Todas sus estrategias de defensa se han revelado torpes, una detrás de otra. Primero dijo que todo era falso y que obedecía a una persecución política del PSOE, en contraste con la lenidad con que el poder ha tratado otros casos de altos cargos socialistas que sí han sido agasajados por particulares o han usado medios públicos para fines privados (el ex ministro Fernández Bermejo o el ex director del CNI, Alberto Saiz).

Después aseguró que su caso se disolvería en cualquiera de los trámites procesales. Ha ocurrido que el Tribunal Superior de Justicia de la Comunidad Valenciana aceptó hacerse cargo de las diligencias iniciadas por Garzón y que el juez instructor -un magistrado conservador que fue consejero de Justicia a sus órdenes- ha visto indicios racionales de delito en su actuación. Se basa en algunos testimonios, conversaciones y documentación intervenida a miembros de la trama de corrupción, frente a los que Camps sólo ha podido presentar sus continuas protestas de inocencia, pero nada más.

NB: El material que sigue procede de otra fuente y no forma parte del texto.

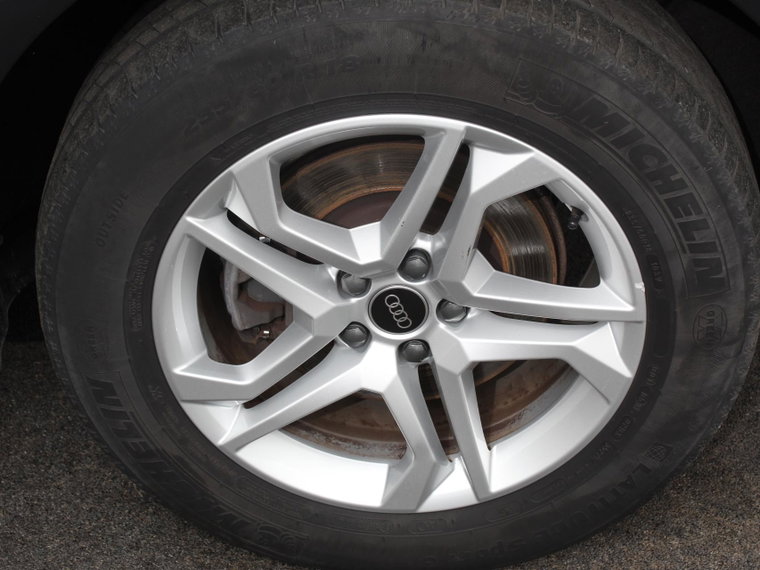 Vehicle Image 30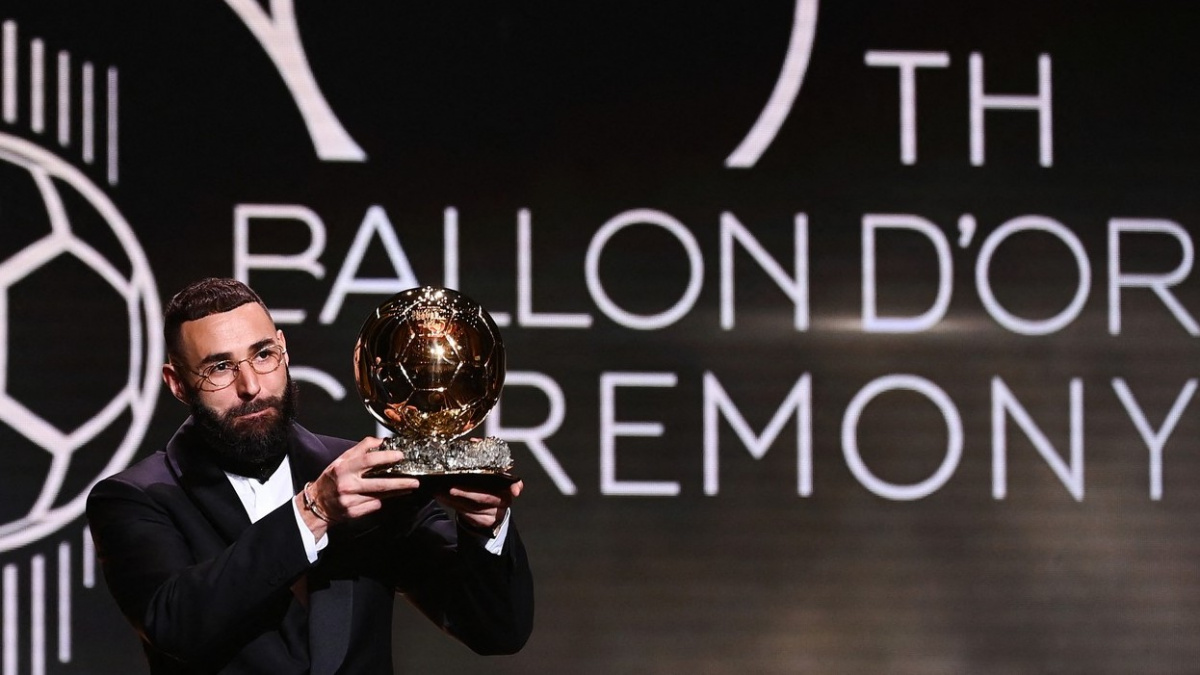 Zlatý míč pro nejlepšího fotbalistu světa získal Karim Benzema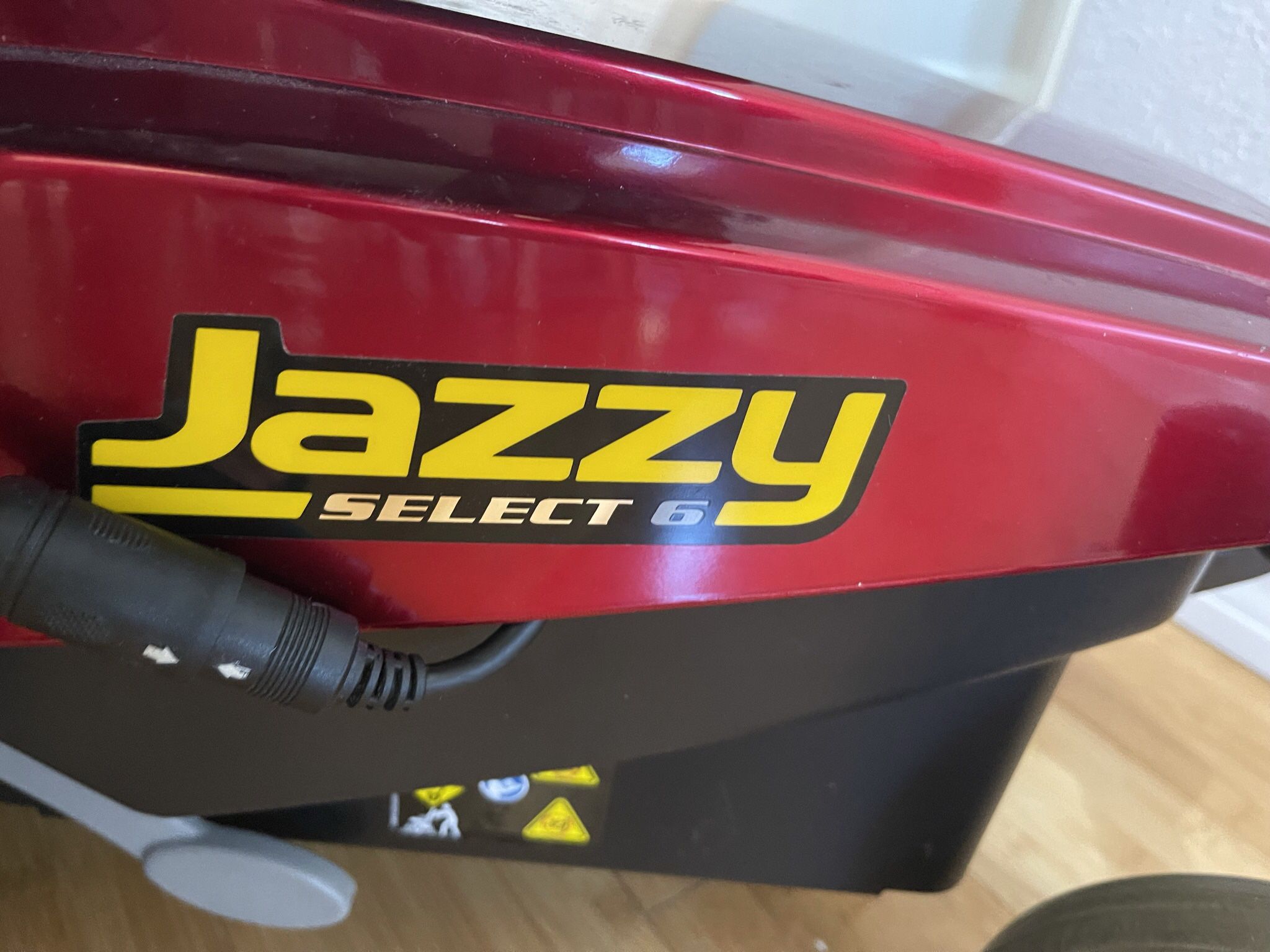 Like New Jazzy Select 6 Pride Mobility Scooter 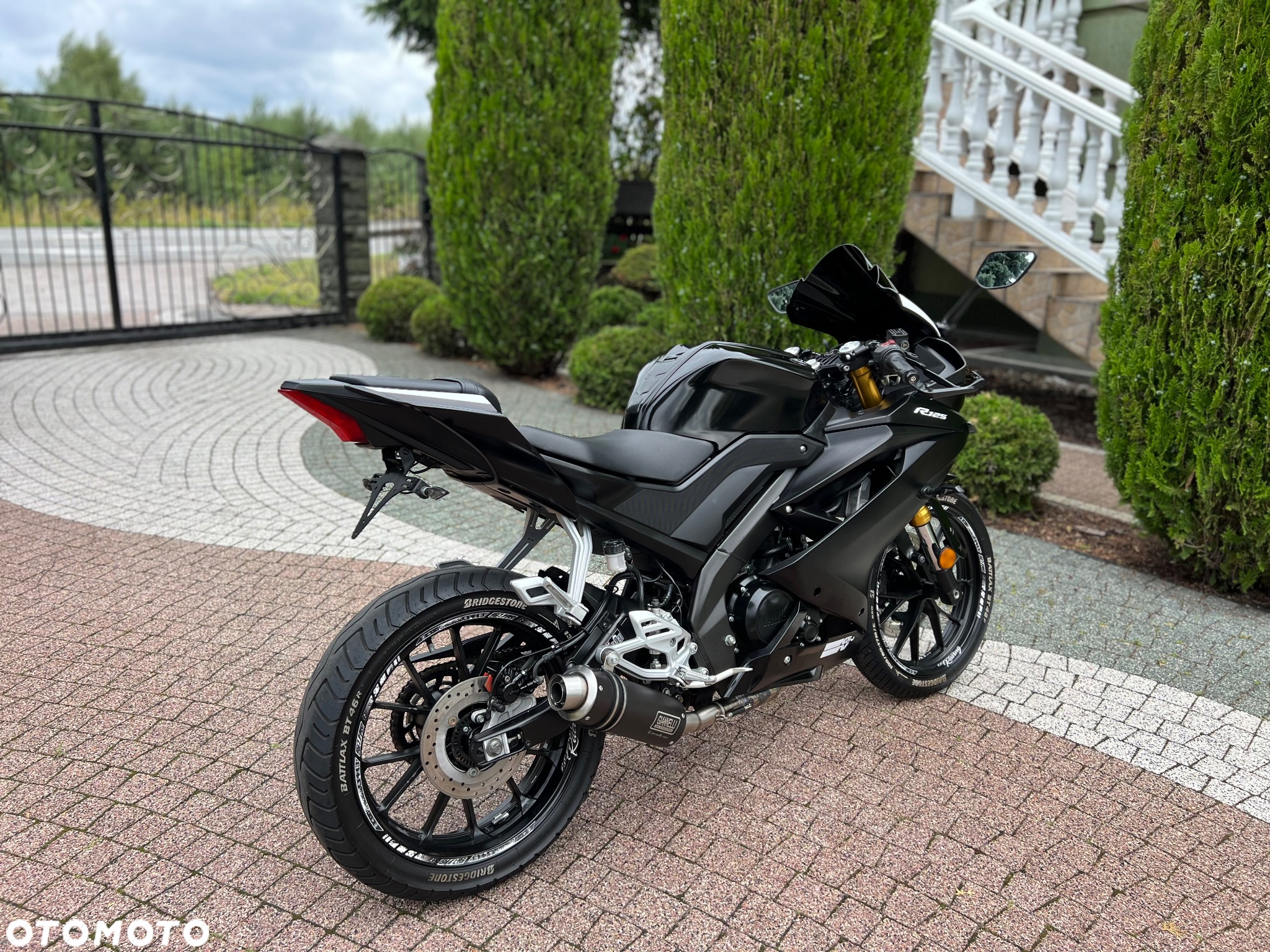Yamaha YZF - 9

Finalmente, cuando cada escaloncito de la Justicia ensombrece el horizonte de Camps y las cosas pintan cada vez más feas, el PP acude a la táctica más socorrida: que no es para tanto, que recibir regalos del ramo textil sin favorecer desde su cargo a quien se los hizo (como expresamente señala el auto del juez) no tiene importancia y que, además, todos los responsables políticos los aceptan. Ahí es donde entra la alcaldesa de Valencia, Rita Barberá, comparando los trajes de su jefe y las anchoas que el presidente de Cantabria suministra a Zapatero cada vez que éste lo recibe en la Moncloa. ¿Acaso las anchoas del Cantábrico tienen menos potencial para cohechar que la ropa de Milano?

Con lo cual la defensa de Camps ha entrado en contradicción consigo misma. Podría seguir aferrado a su afirmación inicial de que él abonó los trajes en metálico, con el dinero de su esposa boticaria, o puede agarrarse al argumento consolador de que recibir un traje de un amigo, sin contrapartida, no es algo grave ni delictivo, sino una costumbre entre los políticos de todo signo. Lo que no puede es decir las dos cosas al mismo tiempo, que no lo hizo y que lo hizo pero carece de importancia.

Se abre paso la tesis de que a Camps le pagaron los dichosos trajes y que no hay en ello ni delito ni falta moral. El problema es que se ha llevado meses diciendo que los pagó. ¿Ha mentido, pues? Todavía peor.